▶ [Problem statement]:
Your answer must be the listing repeated word for word, without its pictures.

▶ [Supplied data]:
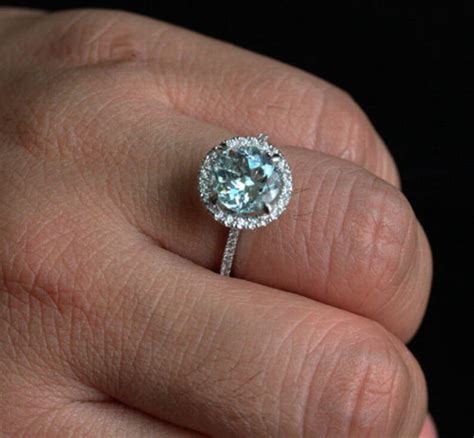 Aquamarine Engagement Ring Aquamarine Wedding Ring With 9mm Etsy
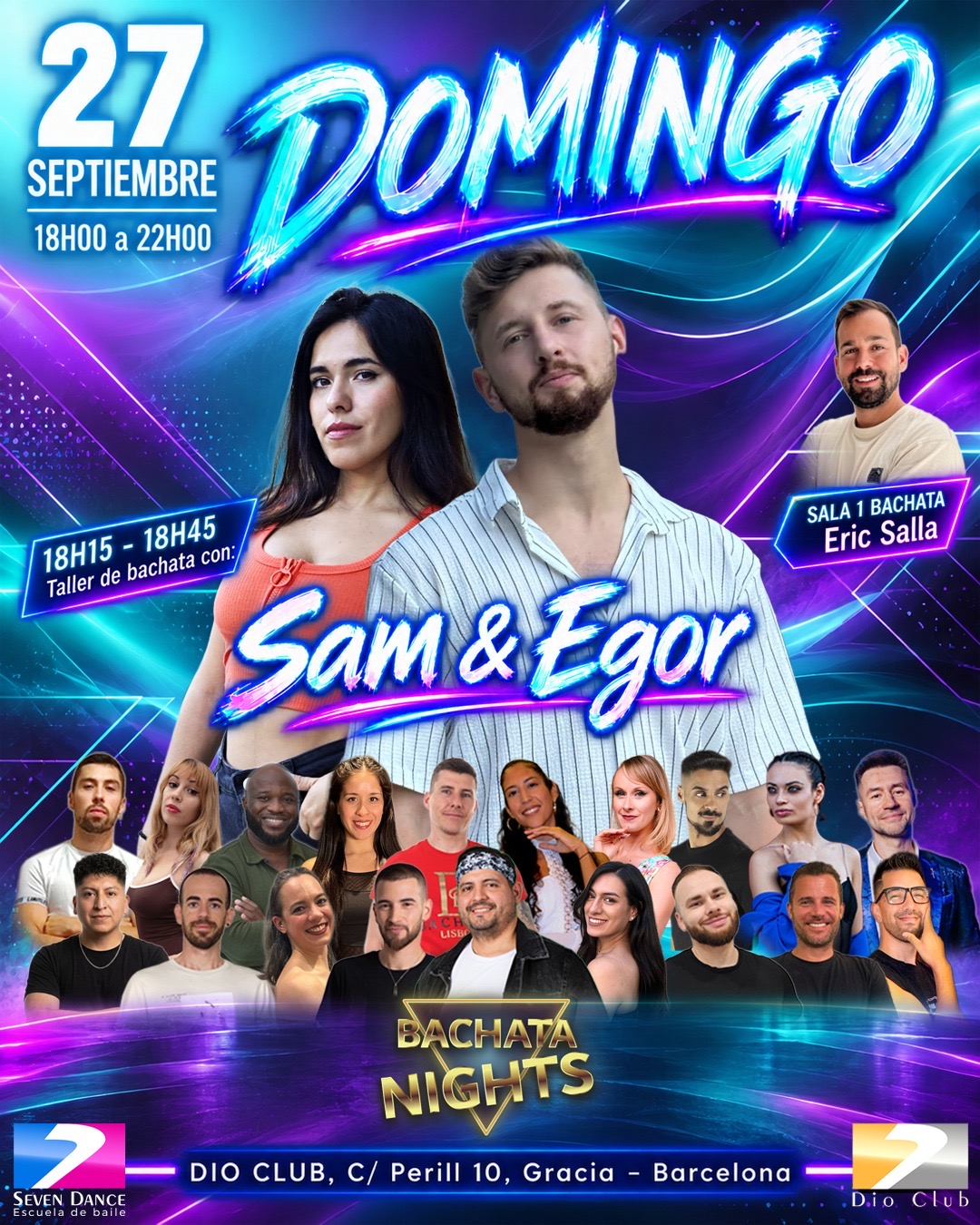 Bachata Nights en Dio Club Barcelona el 27 de septiembre con Sam & Egor y Eric Salla. Taller y sesión de bachata de 18:00 a 22:00 h.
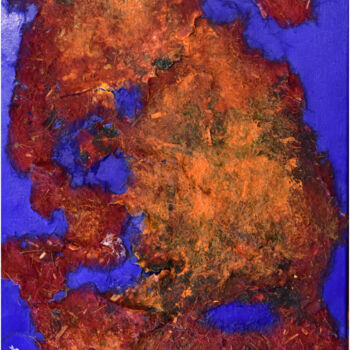 Painting titled "Texture végétale 001" by Alliet-Delacroix, Original Artwork, Oil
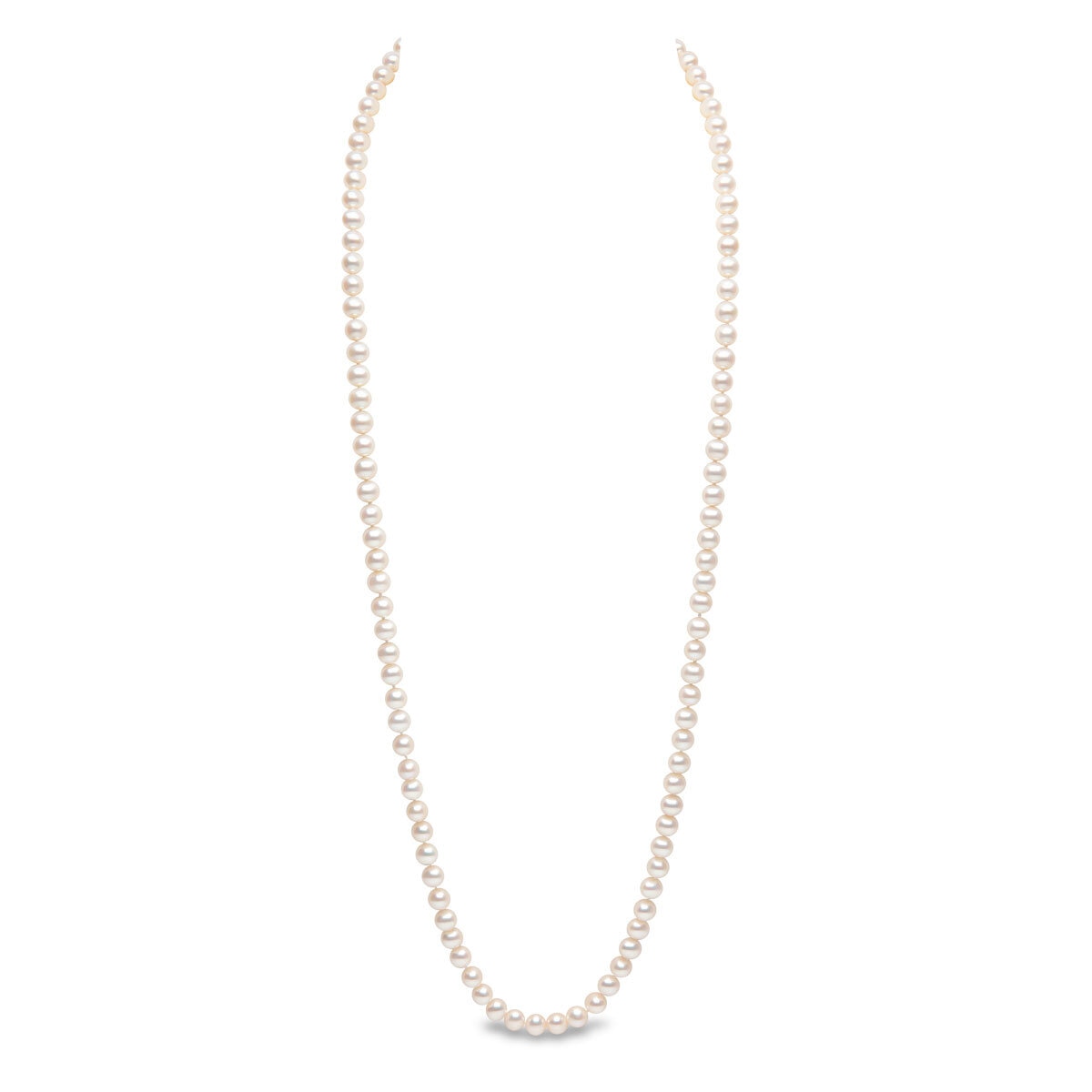 7-7.5mm Cultured Freshwater White Pearl Necklace, 18ct Yellow Gold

▶ [Response to this task]:
 Aquamarine Engagement Ring Aquamarine Wedding Ring With 9mm Etsy
 Bachata Nights en Dio Club Barcelona el 27 de septiembre con Sam & Egor y Eric Salla. Taller y sesión de bachata de 18:00 a 22:00 h.
 Painting titled "Texture végétale 001" by Alliet-Delacroix, Original Artwork, Oil
 7-7.5mm Cultured Freshwater White Pearl Necklace, 18ct Yellow Gold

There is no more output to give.